EXERCISE DIRECTIONS:
Word for word, quote the lines from the one containing "Hombro: Capsulitis adhesiva" to the end of the entries below, including both. Leave pictures out.

··········

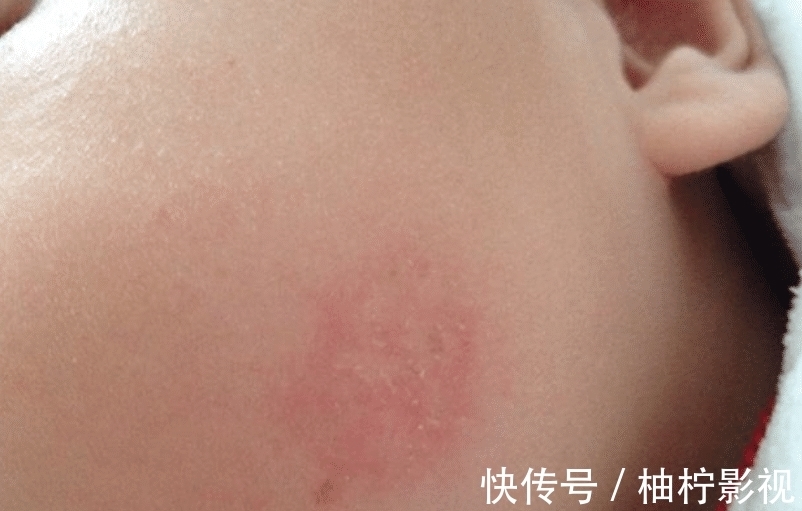 怀孕期间|宝宝生下来肤质不好,可能是因为这,孕妇应该注意了!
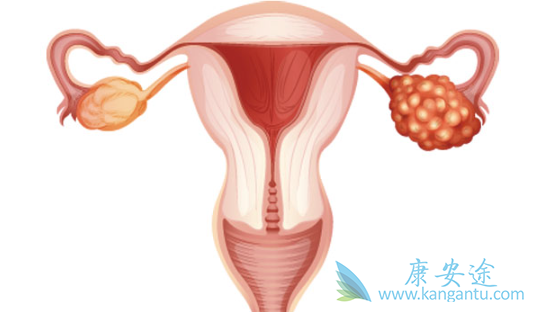 卵巢癌晚期能活多久 卵巢癌晚期能活多久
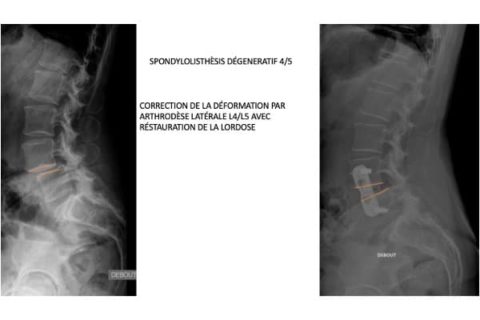 Spondylolisth Sis D G N Ratif Institut Du Rachis Paris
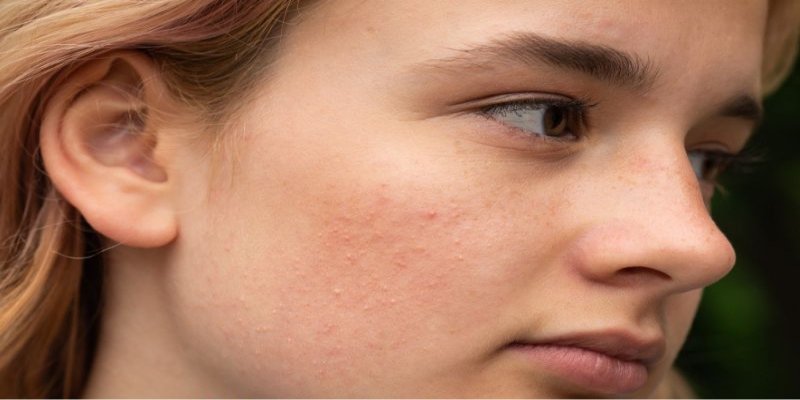 Banish Blemishes: Your Comprehensive Guide to Getting Rid of Acne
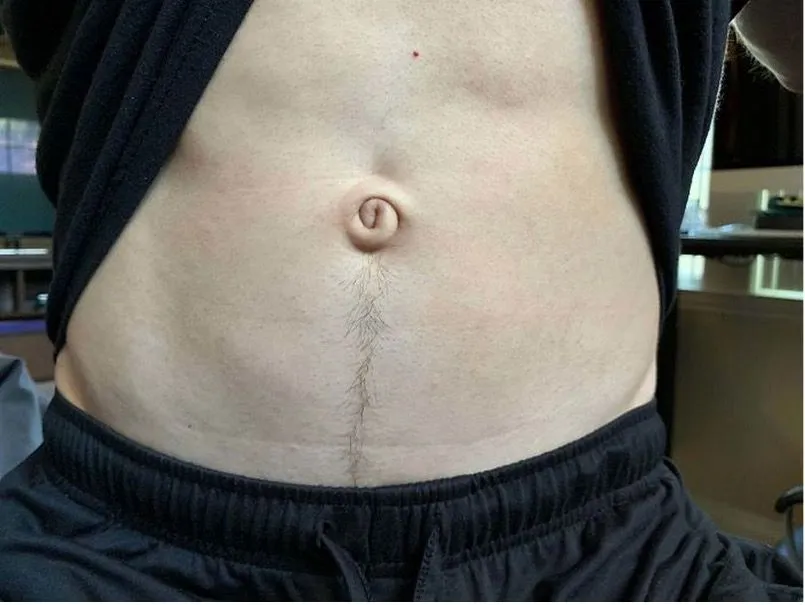 43. When a Belly Button Attracts a Lot of Comments.jpg?format=webp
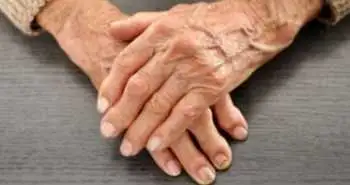 Study elucidates lipid level changes in case of different rheumatoid arthritis therapies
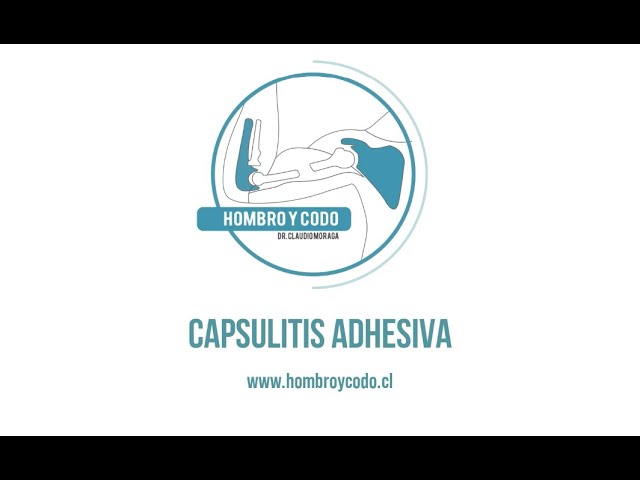 Hombro: Capsulitis adhesiva (hombro congelado)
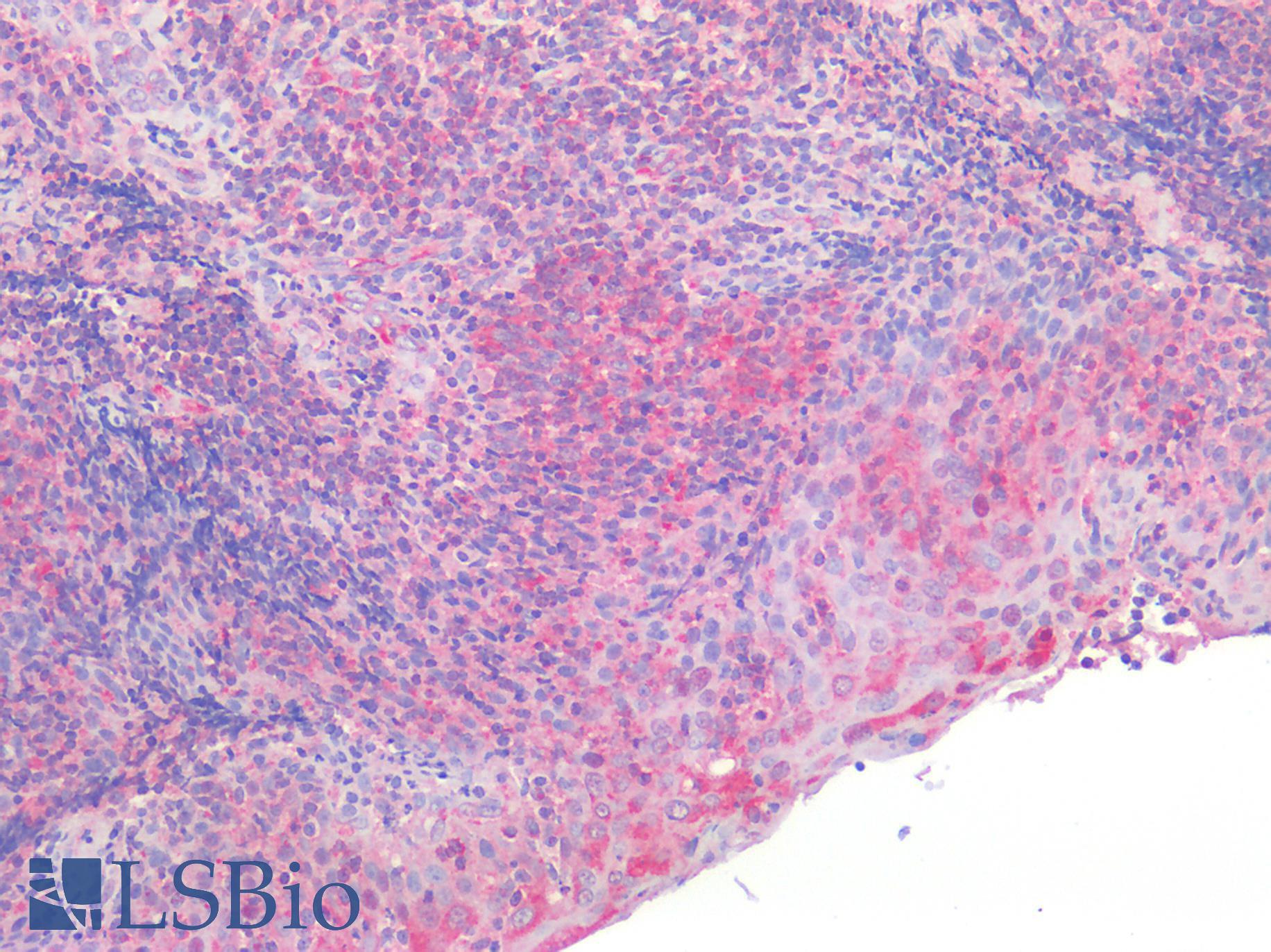 CYLD Antibody - Human Tonsil: Formalin-Fixed, Paraffin-Embedded (FFPE)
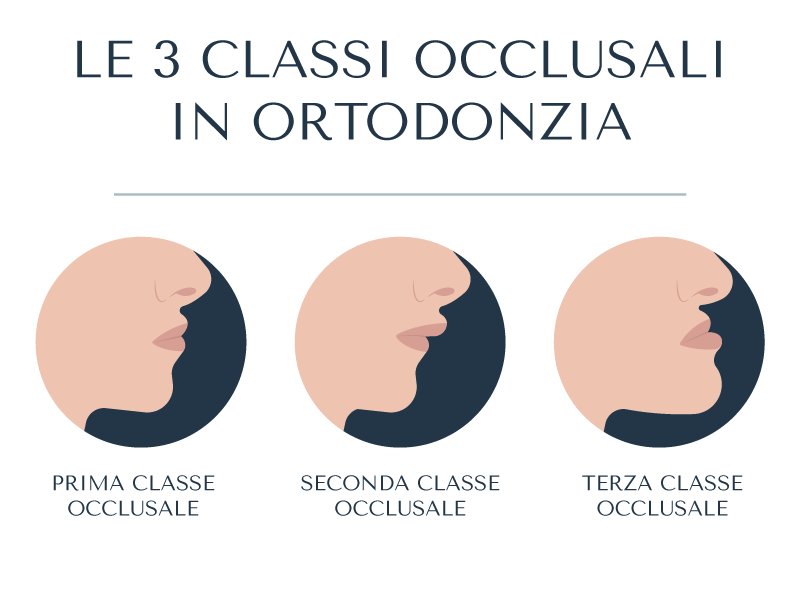 Prima, seconda o terza classe occlusale in ortodonzia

··········

ANSWER TO THIS TASK:
 Hombro: Capsulitis adhesiva (hombro congelado)
 CYLD Antibody - Human Tonsil: Formalin-Fixed, Paraffin-Embedded (FFPE)
 Prima, seconda o terza classe occlusale in ortodonzia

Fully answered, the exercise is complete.